Le chef conservateur Andrew Scheer promet toujours de rendre publiques les conclusions de l’enquête lancée en janvier sur l’ancien député Rick Dykstra. Le Parti conservateur lui aurait permis de se porter candidat en 2015 en sachant qu’il était soupçonné d’avoir agressé sexuellement une employée politique après une fête en 2014. L’affaire avait éclaté au grand jour après une publication du magazine Macleans qui s’appuyait sur une source anonyme.

Questionné à ce sujet vendredi, M. Scheer a indiqué qu’il n’avait pas le contrôle sur le délai de cette enquête.

«Je n’ai aucune direction pour la gestion de cette enquête, a-t-il indiqué dans un français approximatif. J’attends la réponse.»

Il a ajouté que le rapport serait disponible bientôt.

«On va avoir un rapport très tôt», a-t-il dit.

Le Parti conservateur avait demandé à l’avocate Carol Nielsen de faire la lumière sur la nomination de Rick Dykstra. L’enquête visait également à élaborer des procédures pour traiter ce type d’allégations.

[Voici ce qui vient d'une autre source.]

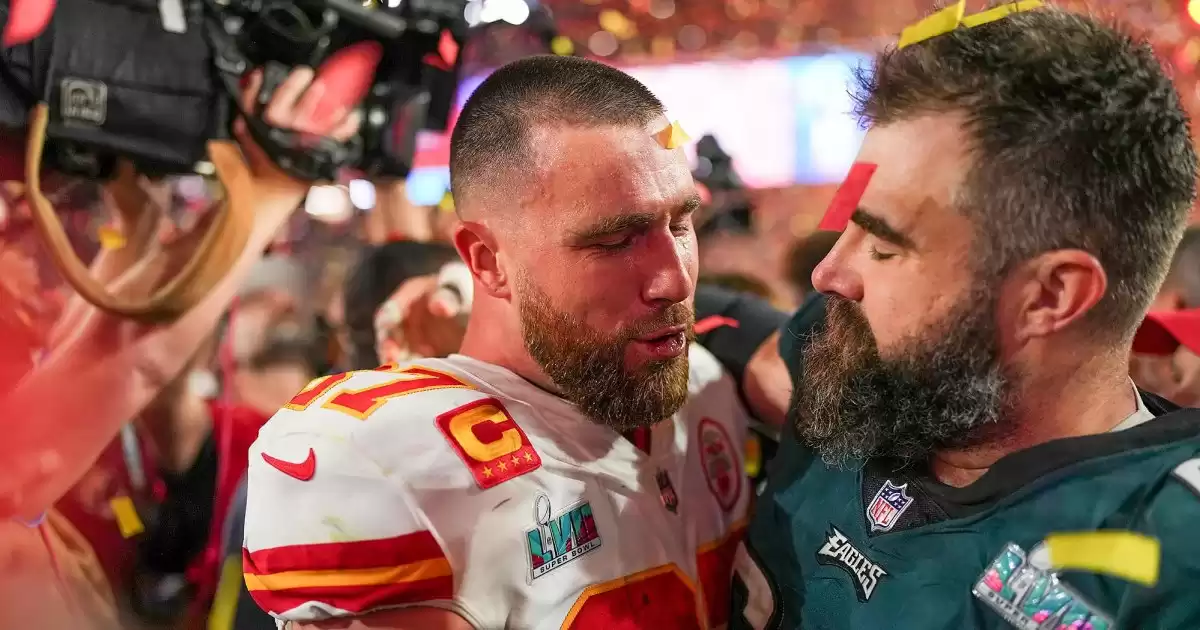 Travis Kelce and Jason Kelce's Bond: A Brotherly Connection Revealed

Plusieurs députés conservateurs choqués par ces révélations avaient réclamé des explications. C’est le cas de Maxime Bernier, qui a depuis quitté le Parti conservateur pour former le Parti populaire du Canada.

«J’avais dit qu’il faut une enquête et qu’il faut que les résultats soient rendus publics», a-t-il rappelé vendredi.

D’autres enquêtes sur des allégations de harcèlement et d’inconduite sexuelle lancées par le Parti libéral et le Nouveau Parti démocratique (NPD) se sont conclues en quelques mois.

L’enquête sur les allégations d’inconduite sexuelle à l’endroit de l’ex-ministre libéral Kent Hehr, lancée en janvier, a duré quatre mois. À l’issue de cette investigation, il avait présenté ses excuses aux plaignantes. Le député avait pu demeurer au sein du caucus libéral, mais n’avait pas réintégré le conseil des ministres.

L’enquête sur des allégations de harcèlement envers le député néo-démocrate Erin Weir avait duré trois mois et s’est soldée par son expulsion du caucus en mai. Celle sur la députée Christine Moore, qui a été blanchie d’allégations d’inconduite sexuelle, a duré un peu plus de deux mois.

Rick Dykstra a siégé comme député conservateur à la Chambre des communes de 2006 à 2015 pour la circonscription de Sainte-Catharines en Ontario. Il a sollicité un autre mandat lors de l’élection fédérale de 2015, mais a perdu contre son rival libéral. Il est par la suite devenu président du Parti conservateur de l’Ontario, puis a démissionné en janvier lorsque ces allégations ont fait surface.